WORK TO BE COMPLETED:
Of the entries below, restate word for word only the section that runs from the line with "Compteur de vitesse" to the line with "Необычное золотое кольцо", counting both ends.

MATERIAL FOR THE TASK Block Start

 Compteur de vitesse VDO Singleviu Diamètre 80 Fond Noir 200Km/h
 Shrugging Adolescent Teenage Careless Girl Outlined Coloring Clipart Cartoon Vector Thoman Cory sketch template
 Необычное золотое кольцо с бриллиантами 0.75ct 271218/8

MATERIAL FOR THE TASK Block End
MATERIAL FOR THE TASK Block Start

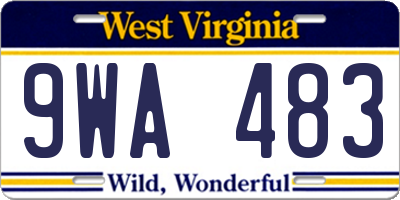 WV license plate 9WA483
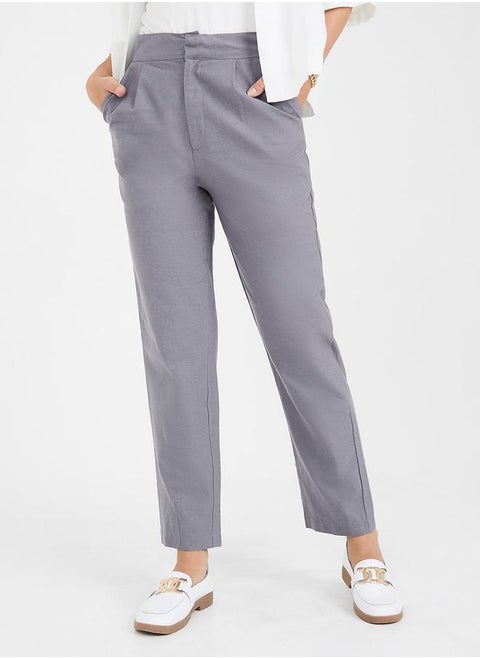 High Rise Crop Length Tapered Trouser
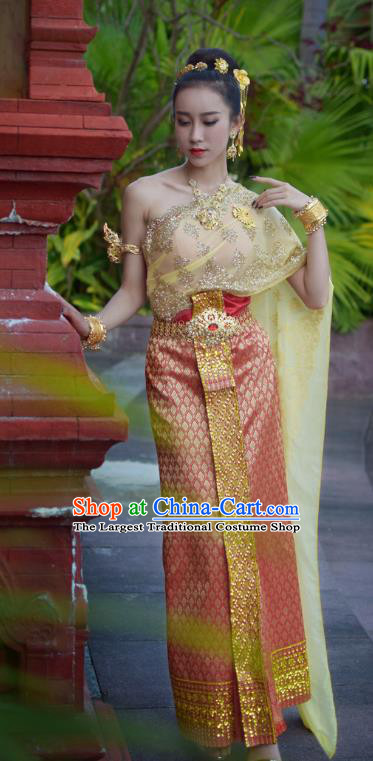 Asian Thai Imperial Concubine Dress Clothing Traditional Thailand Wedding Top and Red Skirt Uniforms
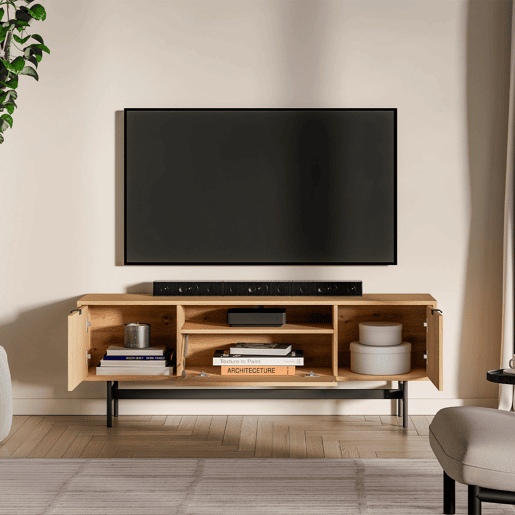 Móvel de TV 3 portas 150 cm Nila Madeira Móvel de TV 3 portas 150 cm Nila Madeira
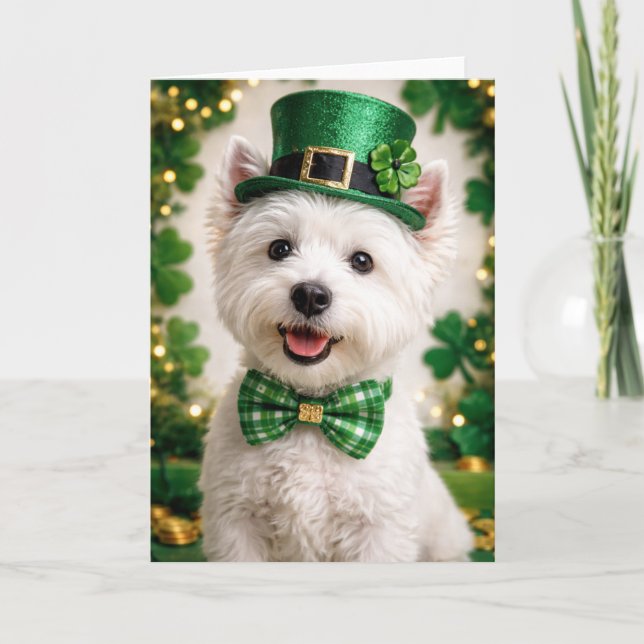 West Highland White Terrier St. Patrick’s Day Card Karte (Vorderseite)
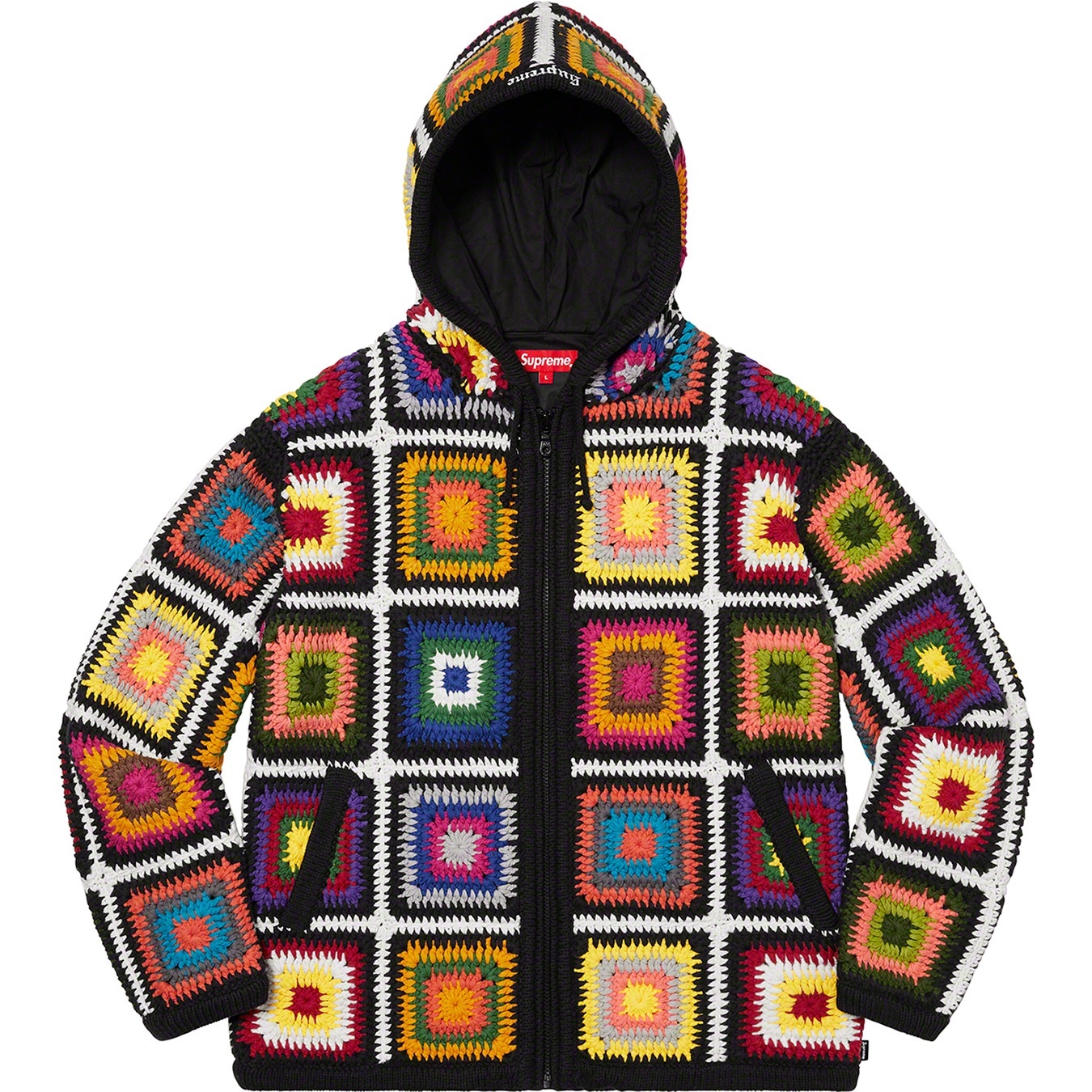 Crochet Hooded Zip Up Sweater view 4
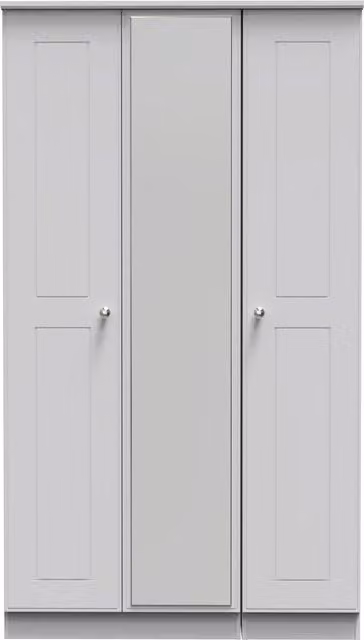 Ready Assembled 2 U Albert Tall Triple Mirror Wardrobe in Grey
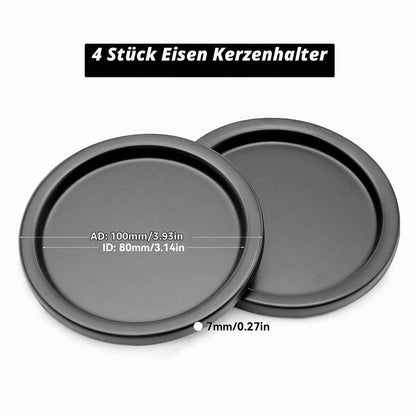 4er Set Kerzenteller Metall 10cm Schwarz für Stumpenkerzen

MATERIAL FOR THE TASK Block End
MATERIAL FOR THE TASK Block Start

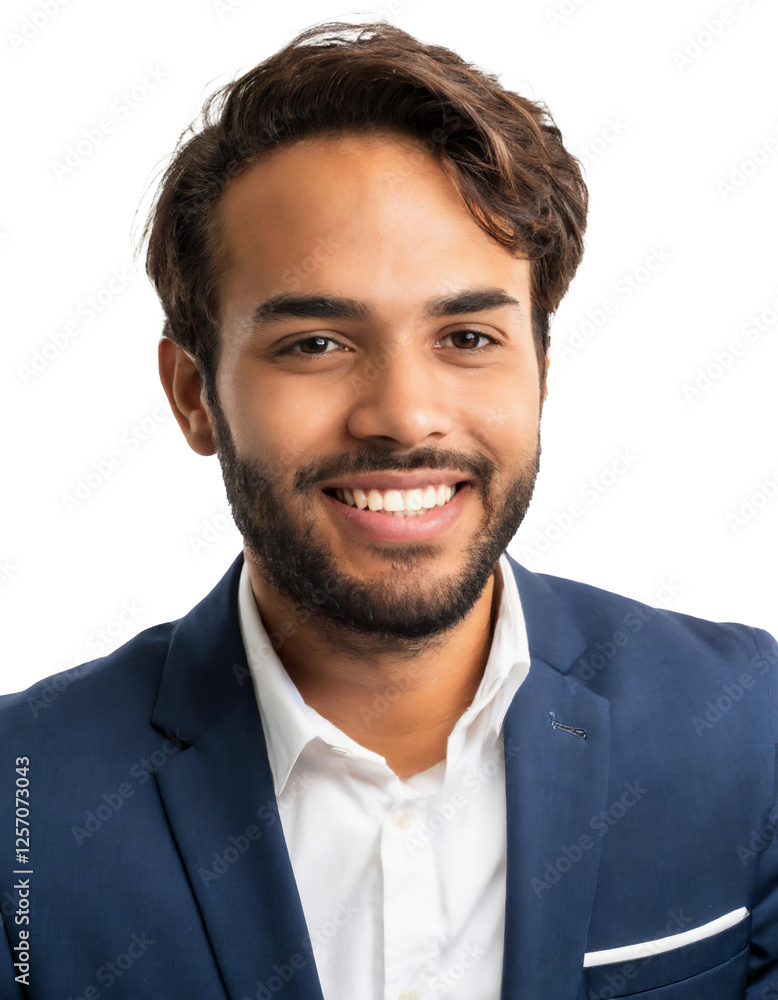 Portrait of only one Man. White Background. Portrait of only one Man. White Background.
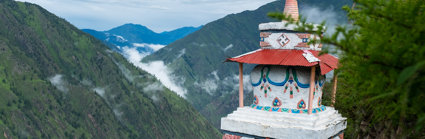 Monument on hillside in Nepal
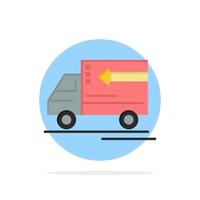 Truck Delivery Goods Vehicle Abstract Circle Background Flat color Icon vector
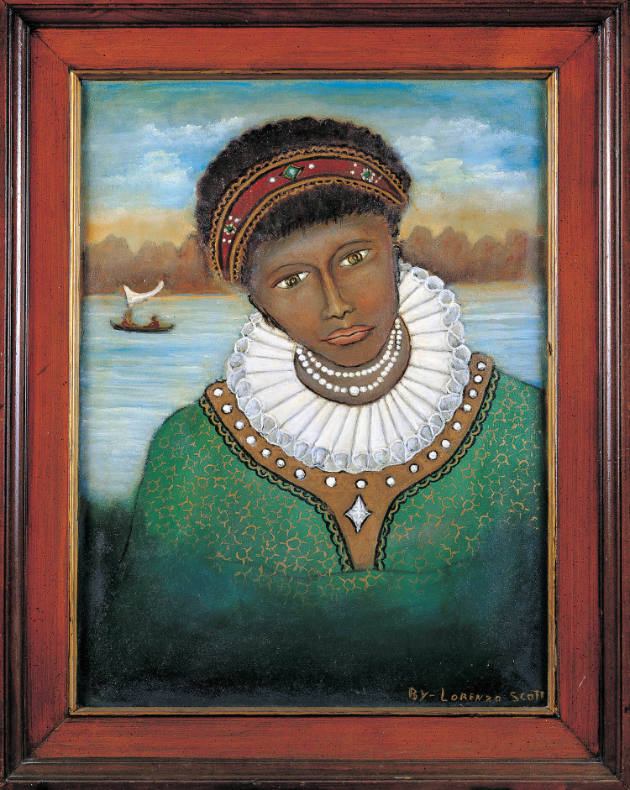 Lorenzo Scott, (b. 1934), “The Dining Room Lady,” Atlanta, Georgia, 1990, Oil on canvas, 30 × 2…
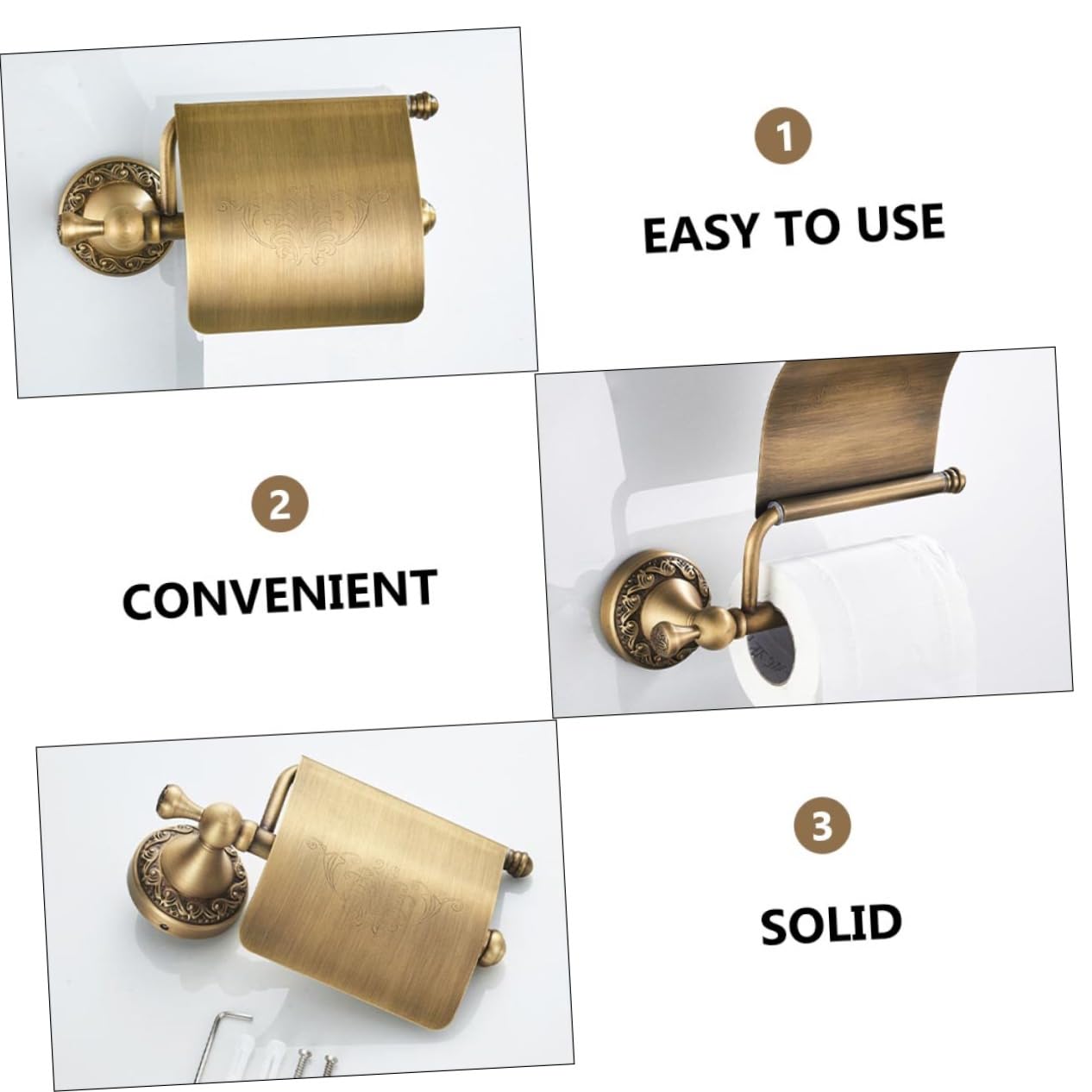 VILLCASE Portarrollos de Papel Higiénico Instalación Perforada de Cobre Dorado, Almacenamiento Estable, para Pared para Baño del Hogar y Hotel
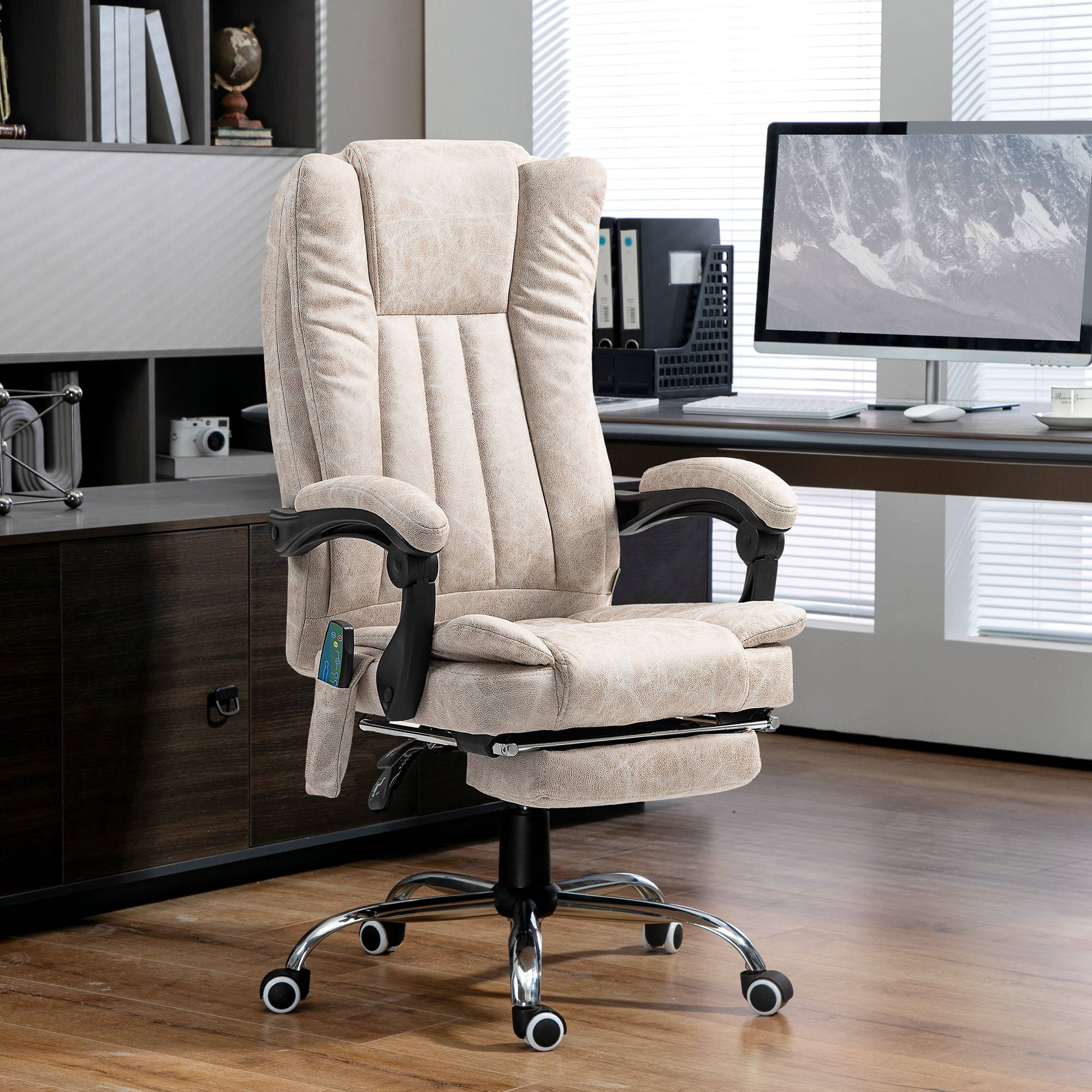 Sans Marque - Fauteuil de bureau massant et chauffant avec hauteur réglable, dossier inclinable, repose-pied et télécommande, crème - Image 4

MATERIAL FOR THE TASK Block End

RESPONSE TO THE TASK:
 Compteur de vitesse VDO Singleviu Diamètre 80 Fond Noir 200Km/h
 Shrugging Adolescent Teenage Careless Girl Outlined Coloring Clipart Cartoon Vector Thoman Cory sketch template
 Необычное золотое кольцо с бриллиантами 0.75ct 271218/8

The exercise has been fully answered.